Abstract

Blood pressure measuring represents a routine investigation in general medicine. Nokolai Korotkoff was only 31 years old when he made a short presentation to the Scientific Meeting of the Military Hospital of the Academy on 5 November 1905 concerning an easy non-invasive method of blood pressure (BP) measurement, entitled ‘Concerning the problems of the methods of blood pressure measurement’. If the pressure in the cuff is relieved, blood starts coming through the compressed arterial segment during systole and causes auscultatory sound and, the first sound, which, in Korotkoff’s opinion, is a measurement of systolic blood pressure. In the same BP measurement, when normal blood flow is fully restored, the auscultatory sounds disappear and, the last sound, which, in Korotkoff’s opinion is a measurement of diastolic blood pressure.
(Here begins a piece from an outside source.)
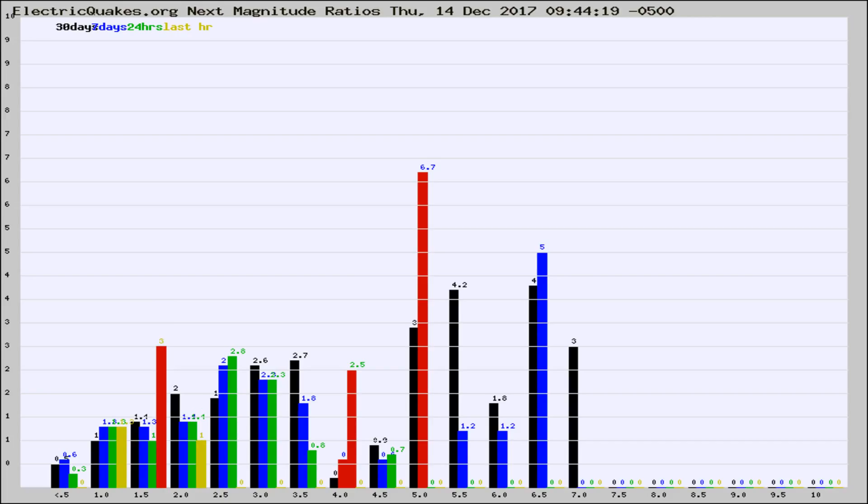If it changes between the last 30 days, 7 days, 24 hours, and last hour, it may indicate something unusual happening in that area. This is worldwide.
Listening to Korotkoff sounds (K-sounds) to determine systolic and diastolic blood pressure (BP) has been the standard for noninvasive BP measurement in medical practices for nearly 100 years and it is the essential tool used for evaluation and assessment of patients with hypertension and risks of cardiovascular diseases (CVD) by physicians and nurses despite limited understanding of the nature of K-sounds. This article focuses particularly on the cardiovascular biomechanics of the first and last auscultatory sound and suggests two new terminologies; Highest systolic blood pressure and Baseline systolic blood pressure to represent the systolic pressure and diastolic pressure, respectively. Experimenting blood pressures on the basis of these two new suggested terminologies may reveal various additional undiscovered aspects of normal BP and abnormal BP.